[Opening Material shown section]

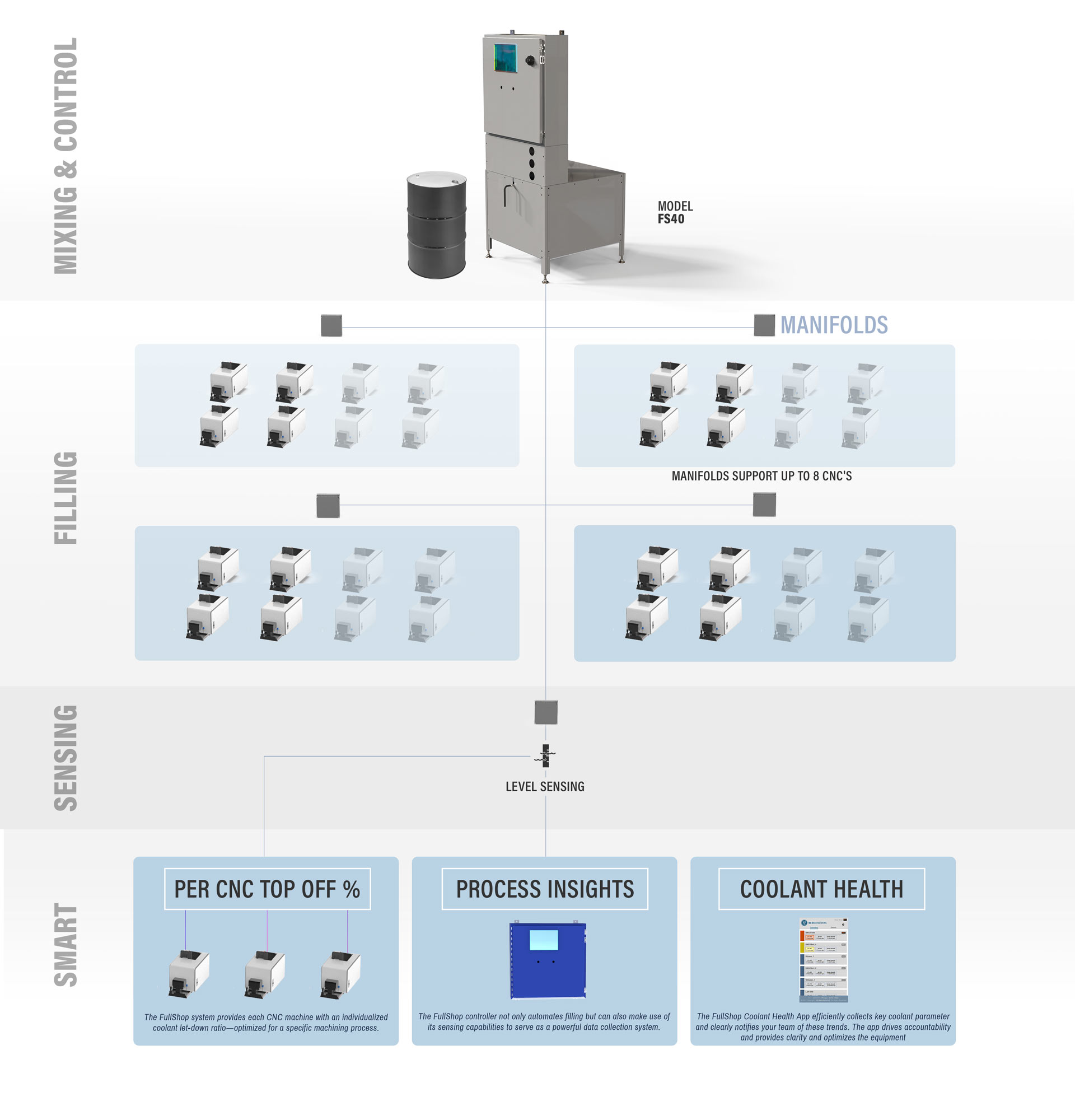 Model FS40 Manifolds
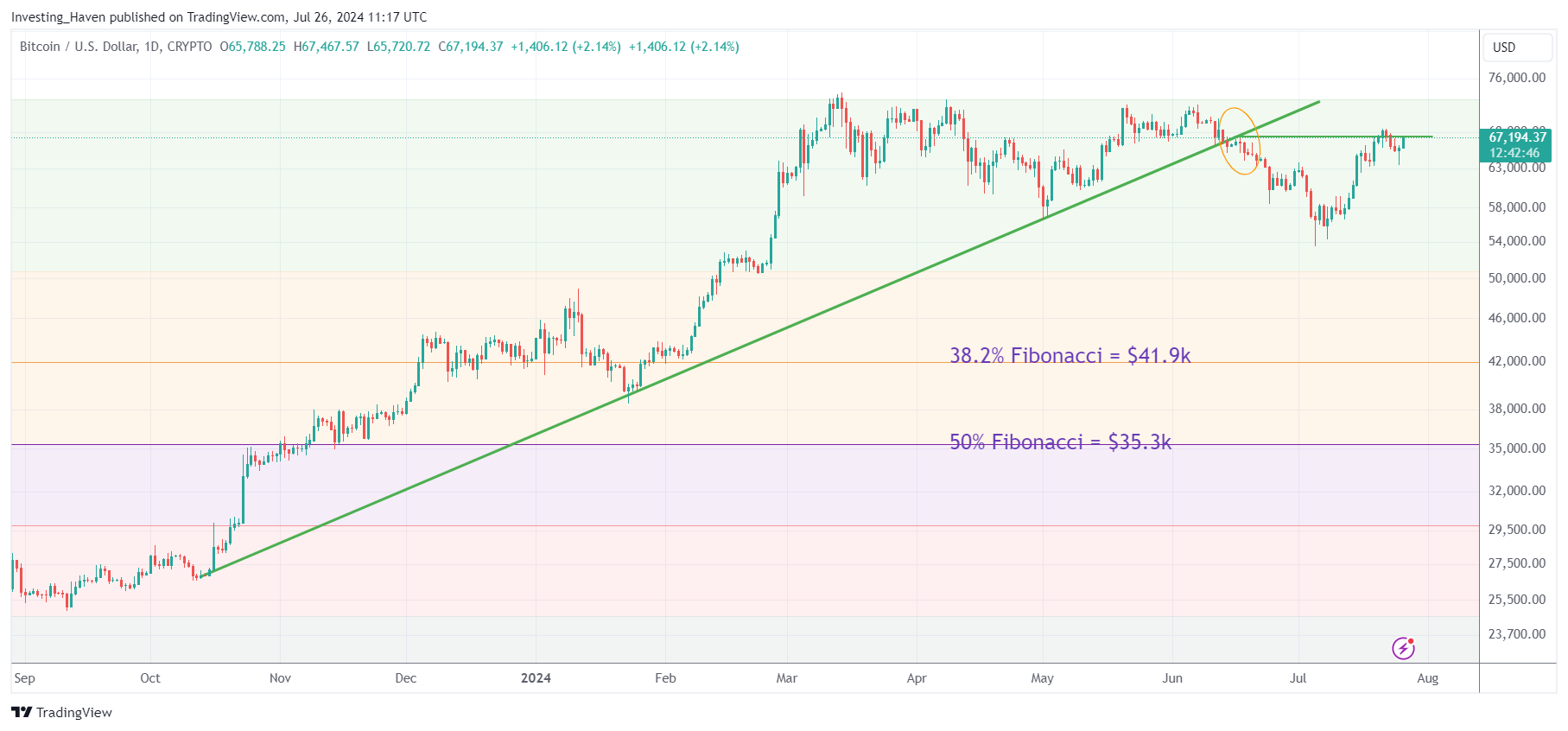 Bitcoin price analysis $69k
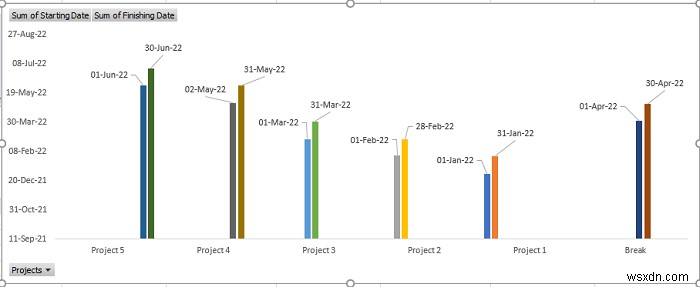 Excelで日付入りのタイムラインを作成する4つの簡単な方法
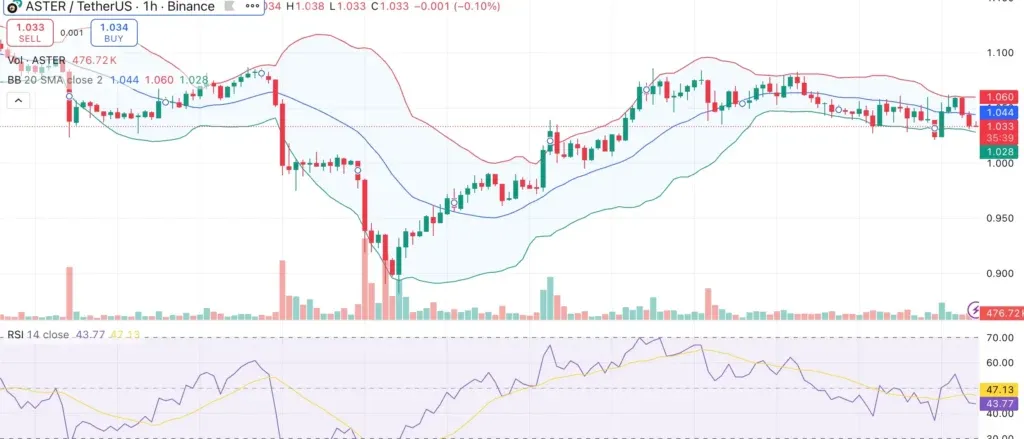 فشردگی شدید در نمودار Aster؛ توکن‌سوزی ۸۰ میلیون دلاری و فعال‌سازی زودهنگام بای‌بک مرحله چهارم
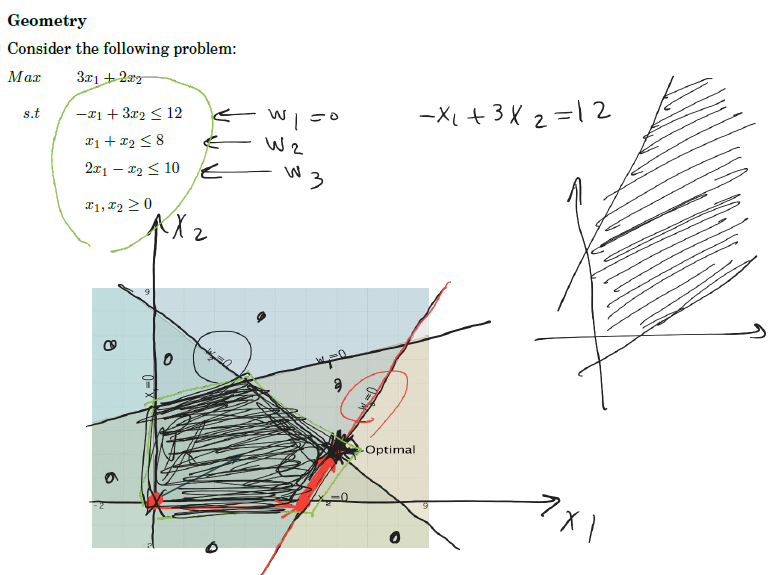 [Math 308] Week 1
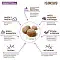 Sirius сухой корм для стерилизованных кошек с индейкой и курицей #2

[Closing Material shown section]
[Opening Material shown section]

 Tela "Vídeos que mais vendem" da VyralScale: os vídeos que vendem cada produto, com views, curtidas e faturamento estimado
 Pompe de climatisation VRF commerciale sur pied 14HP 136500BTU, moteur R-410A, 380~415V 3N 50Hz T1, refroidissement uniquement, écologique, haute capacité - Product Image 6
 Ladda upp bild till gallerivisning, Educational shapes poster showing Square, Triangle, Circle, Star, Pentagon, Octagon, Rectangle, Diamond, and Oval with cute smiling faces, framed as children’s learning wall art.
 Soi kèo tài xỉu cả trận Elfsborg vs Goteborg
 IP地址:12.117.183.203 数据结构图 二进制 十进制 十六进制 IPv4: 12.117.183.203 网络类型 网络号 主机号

[Closing Material shown section]

#### [Exercise objective]
Output exactly the lines above that lie between the line with "Model FS40 Manifolds" and the line with "Sirius сухой корм", those two lines included, and no pictures.

#### [Result]
 Model FS40 Manifolds
 Bitcoin price analysis $69k
 Excelで日付入りのタイムラインを作成する4つの簡単な方法
 فشردگی شدید در نمودار Aster؛ توکن‌سوزی ۸۰ میلیون دلاری و فعال‌سازی زودهنگام بای‌بک مرحله چهارم
 [Math 308] Week 1
 Sirius сухой корм для стерилизованных кошек с индейкой и курицей #2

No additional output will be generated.